Alistair hesitated, but then seemed to hear the same rustling we did. A small army of vampires was descending toward our cellblock. He reached through the opening to pat Beatrice’s right hand, while mouthing something to her, largely inaudible to me. But I heard, ‘I’ll always love you, Mom.’ So little faith in his old man’s abilities to make things right—to save the day once more? Of course, our chances of surviving through any of this were not assured, and somewhat dismal when looked at objectively.
Alistair jumped down. Before he hit the floor, I was there to meet him, telling him, ‘I’ve got this!’ Then I scurried up the bars to where I prayed my wife still waited.
“Who’s coming up here?” she asked, warily.

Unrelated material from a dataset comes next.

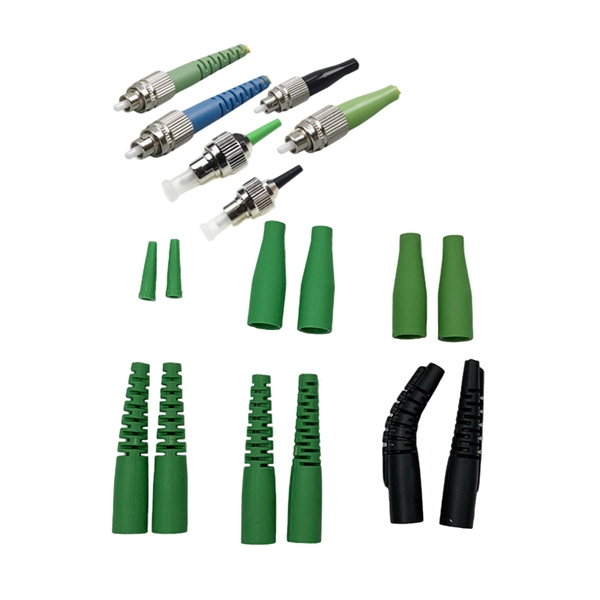 What to do if there is a break in the middle of a multimode fiber fusion splice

There was wildness in her eyes, but not the fear I expected. I had been mistaken, and it terrified my heart to realize something much more twisted was going on. I sensed Dracul’s handiwork, and yet this was not an attempt to use my wife’s eyes to see. No, this time it was something much more sinister, in that a form of insanity had overtaken Beatrice’s person. She was not herself, and I could tell she didn’t recognize me.
“Beatrice, I am a friend, and have come to lead you to safety,” I told her, doing my best to hide the terror I felt. Anything was possible at this point, either favorable or not. “There is danger near you. Come, let me guide you to safety.”
She looked around herself, not focused on anything. I wanted to reach out and grab her, to pull her to me regardless of her reaction. However, without that moment of eye contact to assist me, the mere touch of my fingers upon her flesh could disengage her grip, and she would fall nearly twenty feet to the unforgiving stone floor.
The potential for disaster outweighed the benefit of rescuing her, even when considering such a move would likely save her life. I was frozen by similar fears I once held, when she was a fragile elderly women standing on death’s doorstep.
“William, what’s taking you so long?” Roderick hissed from below.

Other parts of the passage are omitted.